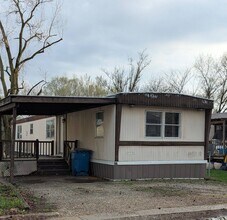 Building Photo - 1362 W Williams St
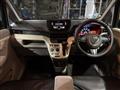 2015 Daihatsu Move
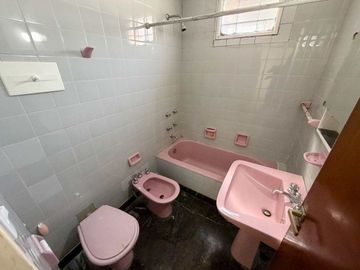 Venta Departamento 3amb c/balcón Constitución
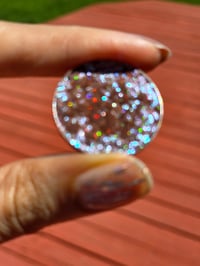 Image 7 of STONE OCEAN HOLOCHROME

────────

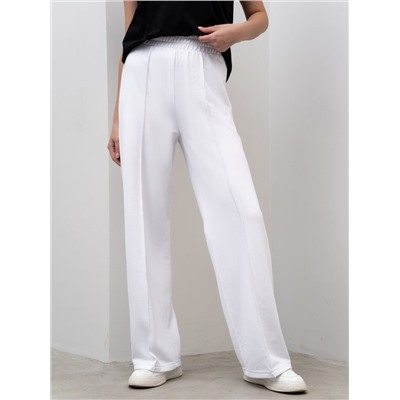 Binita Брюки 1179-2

────────

### Exercise brief
Look through the material above. Transcribe exactly the lines between the ones with "2015 Daihatsu Move" and "Image 7 of STONE OCEAN HOLOCHROME", inclusive, and keep pictures out.

### The completed task
 2015 Daihatsu Move
 Venta Departamento 3amb c/balcón Constitución
 Image 7 of STONE OCEAN HOLOCHROME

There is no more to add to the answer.